I order my favorite rare, organic products through an online company called Thrive Market. I’m offered a free gift with each order. About five months ago, I received powdered collagen, which has since become all the rage with folks trying to preserve their skin, hair, bones and joints. Now, I’m hooked on it.
The next month I received a free book called High Performance Habits: How Extraordinary People Become That Way by Brendon Burchard. I thought it looked boring and not nearly as flashy or trendy as the powdered collagen. I tossed it atop a pile of books on the floor and moved on. Weeks later, it caught my eye. I picked it up and flipped through the first few pages.
Hmmmmm … it piqued my interest immediately. I can be a sucker for inspirational literature, but often get bored a few chapters in. I decided to give this book a try, reading one chapter each morning before starting my day.
And now, halfway through the text, I’m still engaged.
Burchard offers a multitude of advice and strategies with the overarching theme being habits and actions result in high performance, as opposed to natural talent or sheer passion. I could go on offering a slew of tips and advice I’ve learned from the book, but instead, I want to focus on a singular section that focuses on work-life balance, a concept that impacts most everyone.
Work-life balance is a conundrum that eludes many of us, and through this book I’ve learned it’s all about perception. Burchard says our biggest mistake is trying to spend equal time on work and “life” when in fact it’s not about quantity at all. We’re routinely searching for more time to relax, exercise, travel or be with loved ones, but the interesting thing is, we actually spend approximately the same amount of time in all arenas, but what are we doing with those hours?
For instance, you typically spend 30 percent of a week working, 30 percent sleeping and the other 30 percent on life. The problem comes when we’re not intentional about this final 30 percent. Watching TV, scrolling through social media, piddling around the house, merely co-existing with people we love and other similar behaviors do not equate to deliberate living.
Burchard does a great job clarifying the problem. When people feel “out” of balance, it’s because one area of their life becomes more intense, overwhelming or time-consuming than other areas. They get so obsessed with a work project, family time suffers or they’re so focused on a relationship issue, work suffers.
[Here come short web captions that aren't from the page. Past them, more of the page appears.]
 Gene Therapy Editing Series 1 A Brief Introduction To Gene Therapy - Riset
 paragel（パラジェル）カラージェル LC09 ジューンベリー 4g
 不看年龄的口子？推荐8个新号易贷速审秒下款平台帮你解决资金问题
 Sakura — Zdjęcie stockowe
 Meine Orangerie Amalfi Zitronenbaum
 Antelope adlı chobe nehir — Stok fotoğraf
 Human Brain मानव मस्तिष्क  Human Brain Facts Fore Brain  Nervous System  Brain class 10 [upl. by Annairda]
The best tactic is to measure all of life’s arenas in terms of progress or happiness as opposed to time spent.
Here’s a quick weekly strategy to help all of us. Life can be loosely delineated into 10 distinct categories: health, family, friends, intimate relationship/marriage, mission/work, finances, adventure, hobby, spirituality and emotion. Every Sunday night, complete the simple task of rating each category on a sale from 1 through 10, assess your scores and develop goals in each other.
As with anything in life, shouldn’t we measure where we are so we can know how to improve?
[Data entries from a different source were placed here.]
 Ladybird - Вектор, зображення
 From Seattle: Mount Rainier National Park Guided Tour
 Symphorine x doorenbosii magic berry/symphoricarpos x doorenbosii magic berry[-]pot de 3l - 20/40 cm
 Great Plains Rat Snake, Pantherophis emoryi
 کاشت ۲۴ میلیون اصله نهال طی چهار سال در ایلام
As Burchard puts it, “If you aren’t consistently measuring the major arenas of your life, then you couldn’t possibly know what the balance you seek is or is not.”
I just finished this chapter, so I’ve only utilized the strategy once so far, but it was very telling and eye opening for me. It’s a very simple, yet effective check-in. Humans are smart and creative. We can come up with goals for every category, but we need to follow through with them to feel the results. That’s the key.
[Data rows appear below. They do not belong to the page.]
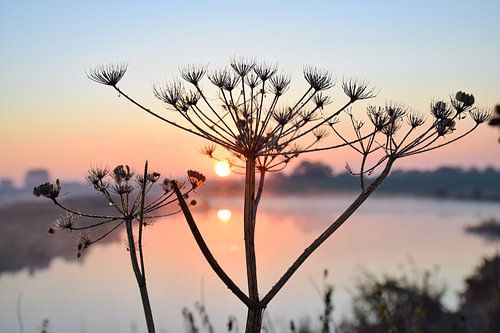 Zonsopkomst bij de Lek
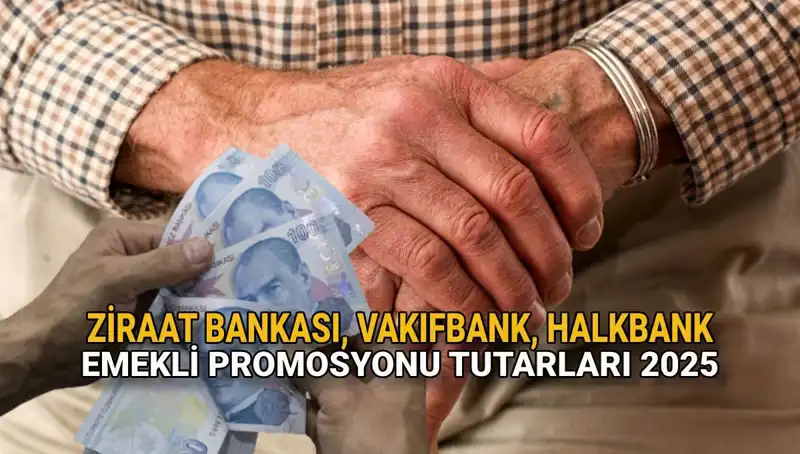 2025'te Emeklilere Özel Kamu Bankası Promosyonları: Ziraat, VakıfBank ve Halkbank Fırsatları
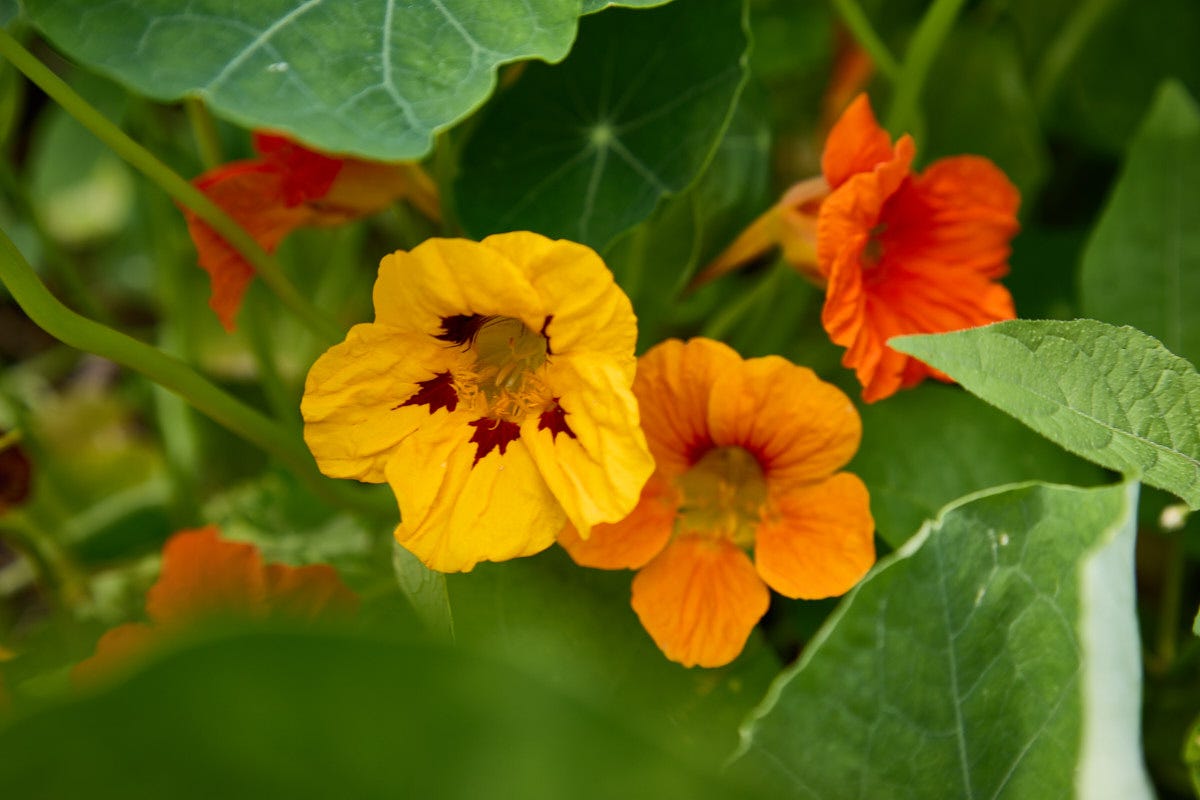 nasturtium plants and flowers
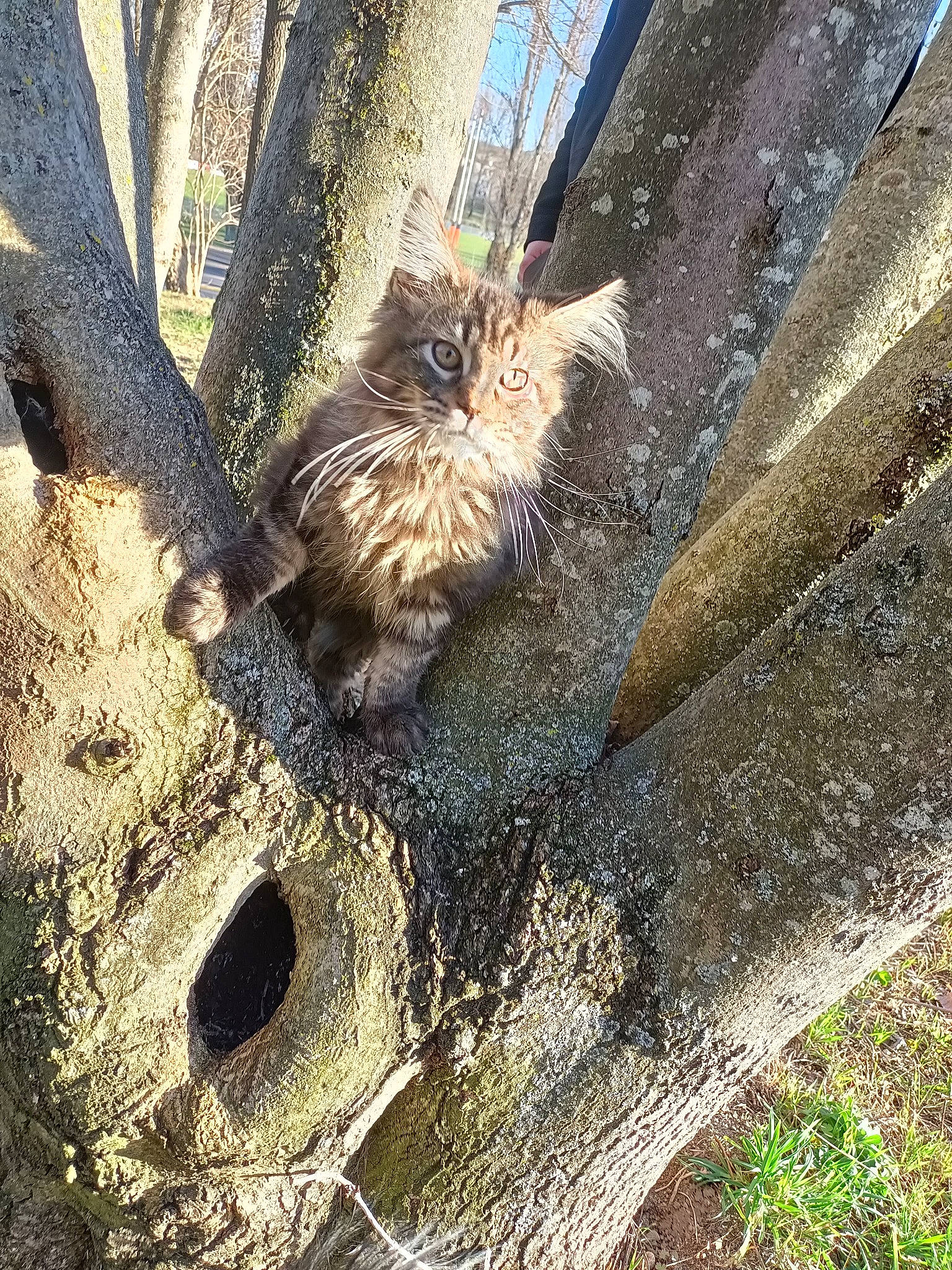 Spooky a rejoint le concours — aidez-le/la à gagner de superbes lots ! bedrock, carnivore, claw, fawn, felidae, fur, grass, natural_material, plant, rock, snout, soil, tail, terrestrial_animal, tree, trunk, twig, whiskers, wildlife, wood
As a single mom, the work-life balance has become even more complicated because it’s mired with mom guilt. I already feel guilty about my children having to adjust to a new normal, so then when I do things for myself, in an attempt to find balance, I feel even guiltier. Time and therapy have helped with this, and now, Burchard’s is proving to be extremely beneficial and motivating during the healing process.
Strange how sometimes the universe knows what we need more than we do. From a box full of food, supplements and teas to better my wellness, a book ended up being the item that’s leaving the most impact and affecting more realms of my life than any other.
There’s a quote that says, “Create the life you love.” I think we forget we actually have control over our lives. We stumble into each day reacting to this or that instead of living with intention and implementing behaviors that lead to a bigger, fuller life, a life we’ll reflect upon with honor and pride.
In this chaotic world with stimuli at our every point of vision, we’ve got to slow down and speed up simultaneously. Slow down so you can listen to the universe but speed up the frequency of habits and actions that give you what you really want. It’s a cool thing to be in the driver’s seat, so find your path and enjoy the ride.